Please give back the listing below word for word and drop any images.

RECORDS FOR PROCESSING below:

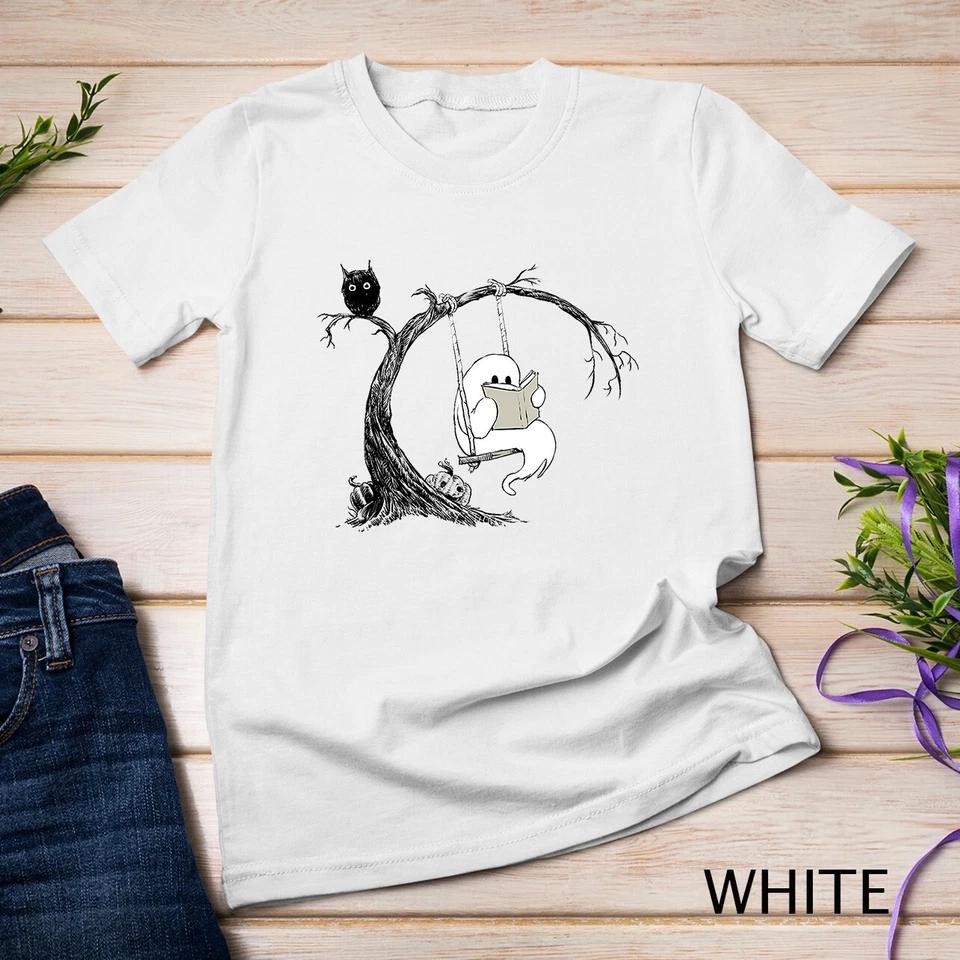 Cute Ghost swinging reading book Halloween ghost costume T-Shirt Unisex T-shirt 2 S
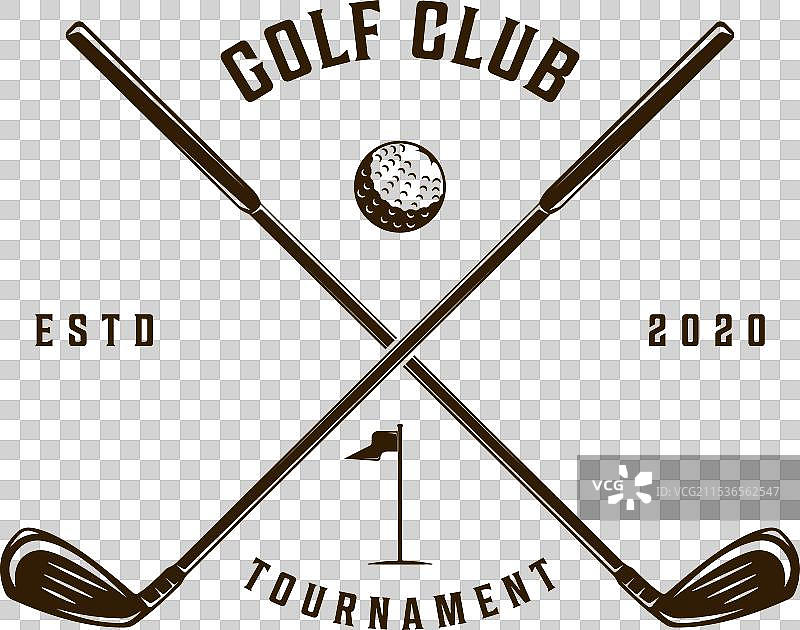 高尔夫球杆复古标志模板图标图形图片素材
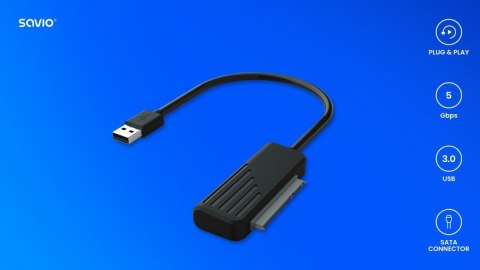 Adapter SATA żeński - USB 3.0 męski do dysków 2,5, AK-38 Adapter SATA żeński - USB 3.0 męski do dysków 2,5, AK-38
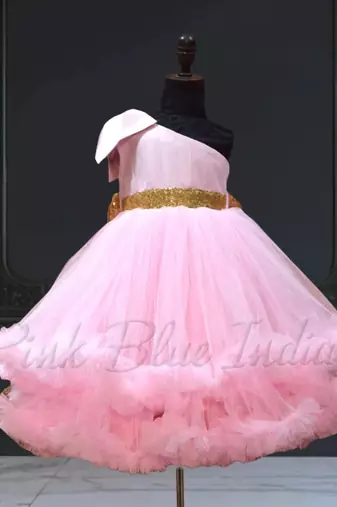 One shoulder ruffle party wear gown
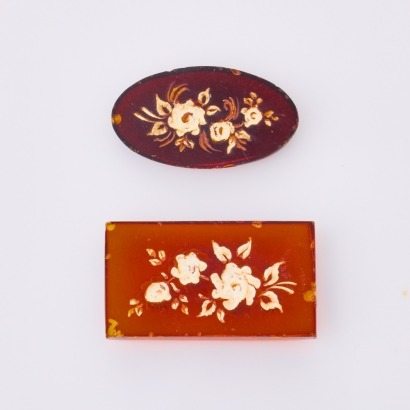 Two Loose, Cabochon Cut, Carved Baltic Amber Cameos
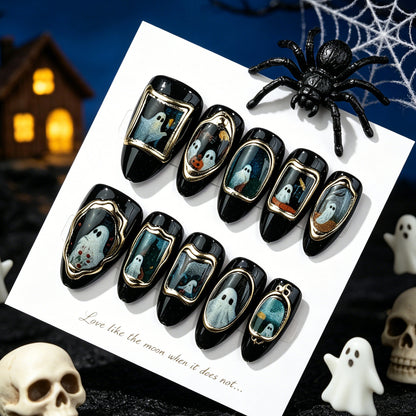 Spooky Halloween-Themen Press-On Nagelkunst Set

End of RECORDS FOR PROCESSING.

ANSWER TO THE PROBLEM:
 Cute Ghost swinging reading book Halloween ghost costume T-Shirt Unisex T-shirt 2 S
 高尔夫球杆复古标志模板图标图形图片素材
 Adapter SATA żeński - USB 3.0 męski do dysków 2,5, AK-38 Adapter SATA żeński - USB 3.0 męski do dysków 2,5, AK-38
 One shoulder ruffle party wear gown
 Two Loose, Cabochon Cut, Carved Baltic Amber Cameos
 Spooky Halloween-Themen Press-On Nagelkunst Set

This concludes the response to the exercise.